One of the most memorable moments of my life was when I first saw television. I crept silently upon a neighbor’s porch with two friends, standing precariously on a snowy woodpile. Peering awkwardly through the window I could see the family in their living room, their faces lit dimly by a strange flickering blue light emanating from a large wooden box containing a small round picture tube with a large magnifying glass suspended in front. I could see a person on the screen mouthing unheard words, someone I came to know later as Milton Berle in a show entitled “Texaco Theatre.”

Flash forward a mere 20 years or so. I sit comfortably in my own living room watching a large screen color television as I see a man descend the steps from a strange vehicle that has landed on the moon. The whole world watches with me, united around uncounted millions of television sets. Which was the greater miracle – that man had walked on the moon, or that the world had been able to tune in to see the event live from outer space? It was a momentous event for mankind, one in which there was a great triumph of technology and a unique shared spirit of achievement. If only there could be more such uplifting and coalescing experiences!

That magic of radio lives with me today, but now I see it though the eyes of an experienced engineer. I look out the window at the clear blue sky and think of all the radio waves crossing that seemingly empty space. If those waves had visible color, the sky would be as bright as a laser light show. But it wasn’t all that long ago when there were no waves at all. I remember the feeling I had when I visited Marconi’s home outside Bologna, Italy, with his daughter, Gioia, who had become a good friend. I looked out the window where he had sent the first radio pulse, and wondered what he must have felt like when the iron filings in the glass tube of the coherer detector across the hill jumped at the recognition of his pulse.

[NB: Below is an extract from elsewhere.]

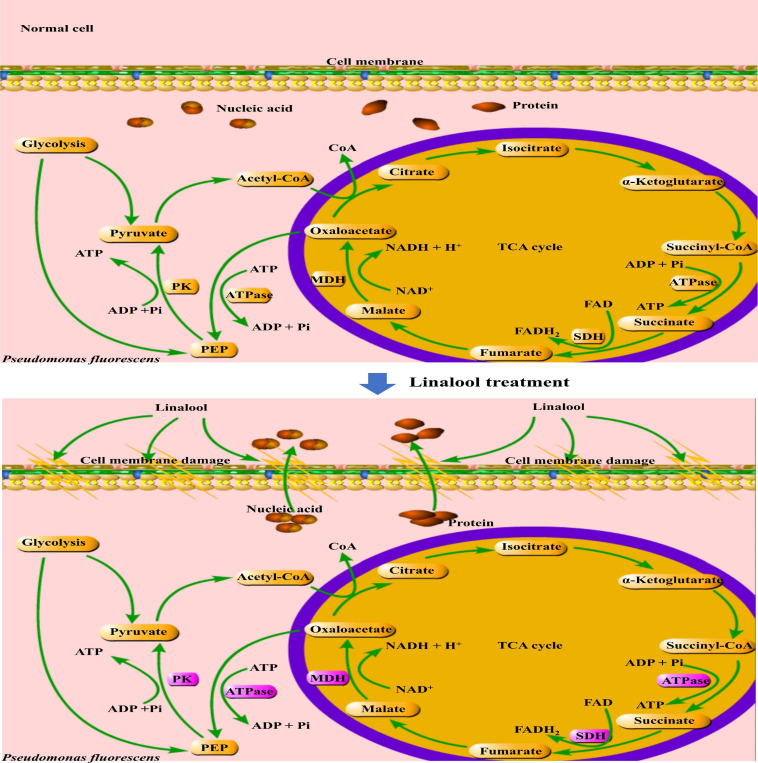 FIGURE 6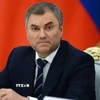 Chủ tịch Duma Quốc gia Quốc hội Liên bang Nga Vyacheslav Volodin. (Ảnh: Sputnik/TTXVN)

Somewhere out there, 100 light-years distant, infinitesimally small, that first pulse is still traveling among nearby stars. It whispers that earth is alive. Its creator, Marconi, must have believed that the heavens had been opened to unlimited communication. As an engineer in the late 20th century, however, I came to realize the limitations of that ether. In a short century, we had used it up. We moved from the broadcast world that I had known as a child to the world of cellular telephony, where everyone has his personal transmitter. The precious spectrum that had seemed free and infinite in Marconi’s day had been sold in tiny slivers for billions of dollars.

Today, once again, we use Marconi’s word, wireless, to describe cellular radio. There has been a renaissance in thinking about the capabilities of that empty sky. New methods of transmission, of processing signals, and of sharing the spectrum have cascaded out of the universities and research laboratories. The last century saw radio emerge, blossom, and ultimately devour all the capacity that nature had given us. The next century may see us reclaim the vastness of Marconi’s dream with these new technologies.

I still dream of radio. My dreams now are filled with equations, rather than little people encased in glass tubes. It amazes me that after a century of exploration, so much remains to be done. The magic still lives.